Enam Jam Kroasia-Bosnia, de-javu Enam jam di Yogya
Oleh: Noor Johan Nuh
Tanggal 13 Maret 1995, Presiden Soeharto dalam kedudukannya sebagai Pemimpin Negara Non Blok, berkunjung ke Zagreb, Ibukota Kroasia.
Dalam kunjungan itu, Presiden Soeharto menyampaikan kepada Presiden Kroasia Franjo Tudjman rencana kunjungannya ke Bosnia Herzegovina.
Presiden Franjo tidak mendukung rencana itu lalu menceritakan bahwa dua hari sebelumnya, pesawat yang ditumpangi Utusan Khusus PBB Yashusi Akashi, ditembak saat hendak mendarat di Bosnia.
Beruntung tidak jatuh korban jiwa meskipun beberapa bagian pesawat bolong-bolong terkena peluru.
Karena itu, Presiden Franjo menyarankan agar Presiden Soeharto mengurungkan rencananya tersebut.
Menurut Letnan Jenderal TNI (Purn) Syafrie Syamsudin di Reffly Harun Channel ; Insiden penembakan pesawat PBB di Bosnia menggambarkan situasi di sana sangat tidak kondusif. Potensi perang antara mereka yang bertikai dapat terjadi setiap saat, dan hal itu sudah dilaporkan kepada Presiden Soeharto.
Pasukan Pengamanan Presiden menyarankan agar Presiden Soeharto membatalkan rencana kunjungan ke Bosnia Herzegovina.
Saat itu Syafrie sebagai Komandan Grup A Pasukan Pengamanan Presiden dengan pangkat Kolonel.
Saran dari Pasukan Pengamanan Presiden dijawab dengan anggukan kepala oleh Presiden Soeharto.

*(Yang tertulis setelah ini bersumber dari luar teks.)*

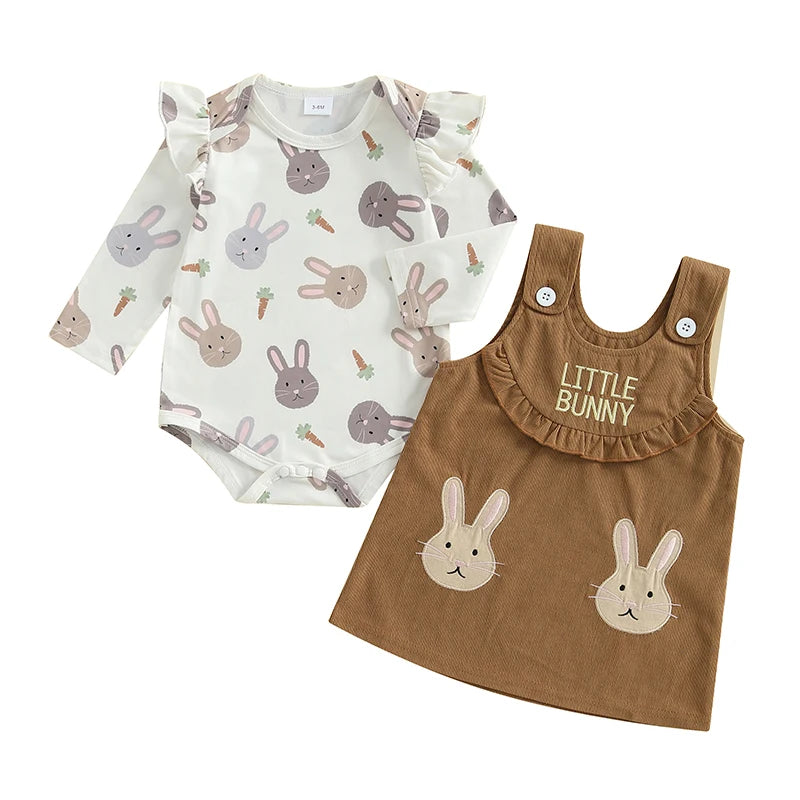 Toddler Baby Girl Easter Outfits Bunny Ruffle Long Sleeve Romper with Overall Dress 2 Piece Spring Sets for Newborn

Namun ditengah pembicaraan dengan Presiden Franjo, Presiden Soeharto malah memutuskan berangkat ke Bosnia sekaligus menentukan waktunya yaitu pukul 12.00.
Tentu saja keputusan itu sangat mengejutkan bagi Pasukan Pengamanan Presiden serta anggota rombongan lainnya.
Saat itu pukul 09.00, tersisa waktu tiga jam untuk mempersiapkan keberangkatan ke Bosnia.
Usai pertemuan segera Presiden Soeharto dan rombongan berangkat ke Bandara Zagreb.